Como todas as empresas cujas inovações de mercado são perceptíveis numa base diária, também a Zara, como exemplo de um dos modelos de maior sucesso na indústria têxtil e grande revolucionadora de costumes, é alvo de duríssimas críticas por parte da comunidade internacional, muito por causa das denúncias das péssimas condições de trabalho de quem produz aquilo que a maioria da humanidade consome, sem se preocupar com as precárias condições de trabalho na hora de usar um vestido quase descartável. 

Conheci por acaso o filho do dono de uma das fábricas que a Zara adquiriu nos seus primórdios. Era uma fábrica de tingimento de tecidos que sempre teve um volume de negócios considerável, na província de Guipuzkoa, no País Basco espanhol. Alguns anos após a abertura da sua primeira loja, o Sr. Ortega tornou-se cliente desta fábrica. E daí até se tornar o maior cliente da fábrica foi um pulo. O pai do meu amigo contratou mais mão-de-obra e expandiu as instalações para que os outros clientes não ficassem lesados e se pudesse assegurar a mesma qualidade de produção a todos os clientes. O negócio do Sr. Ortega continuou a crescer, bem como as suas necessidades, e a fábrica do pai do meu amigo continuou a contratar pessoal e a expandir-se cada vez mais. Até que a oferta da compra da fábrica chegou. Uma oferta justa, baseada no seu valor àquela data. E o negócio realizou-se: a fábrica foi comprada pelo Sr. Ortega, os postos de trabalho de todos os funcionários foram mantidos e o pai do meu amigo continuou a geri-la e a proporcionar mais postos de trabalho bem remunerados. 

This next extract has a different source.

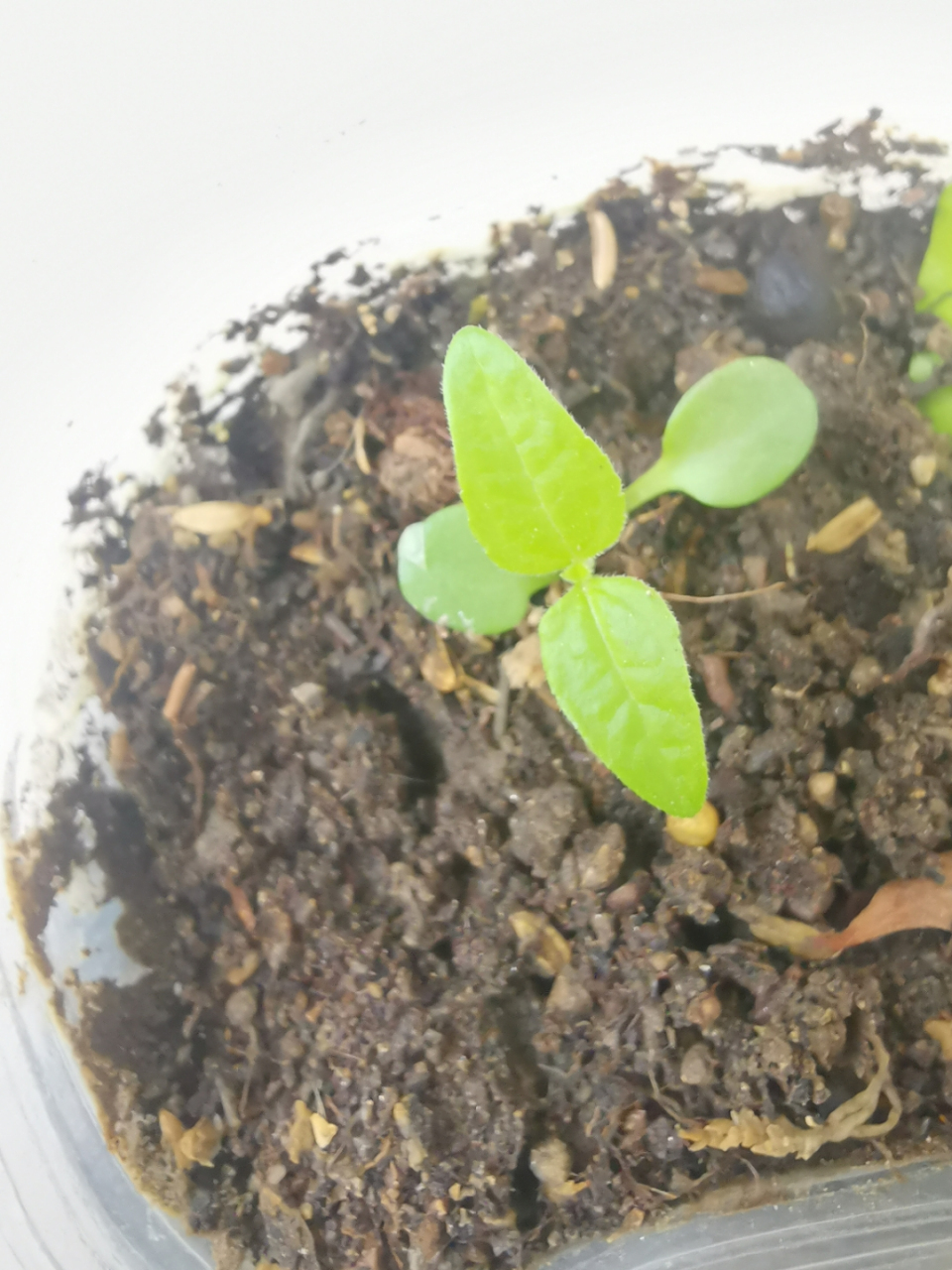 上个月在网上买千头菊种子,发芽了度娘说是杂草,找商家把钱退了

Hoje em dia não sei o que será feito do meu amigo, do pai dele, da fábrica ou dos trabalhadores. 

Só sei que o Sr. Ortega não me parece um monstro assim tão monstruoso. Parecem-me monstruosas as pessoas cuja felicidade é altamente dependente do sucesso do capitalismo selvagem, insistem em vociferar contra determinados agentes, sublinhando o sucesso do protesto acéfalo e pouco esclarecido, enquanto contribuem para o aumento dos dividendos do Sr. Ortega, dizendo que é tão bom comprar muito baratinho nos saldos. Por norma, faço questão de não comprar neste tipo de lojas e de não alimentar este género de monstros. Reconheço que nem sempre é fácil, e que porcos capitalistas somos todos os que já comprámos pelo menos uma t-shirt na vida. No entanto, basta olhar para o Sr. Ortega e reconhecer duas coisas que são capazes de enjoar: sem o seu contributo não se teria democratizado o consumo de moda no Ocidente e que mesmo os defensores da classe operária davam um rim para ter um décimo da sua fortuna, ou então não se viam por aí a jogar no Euromilhões.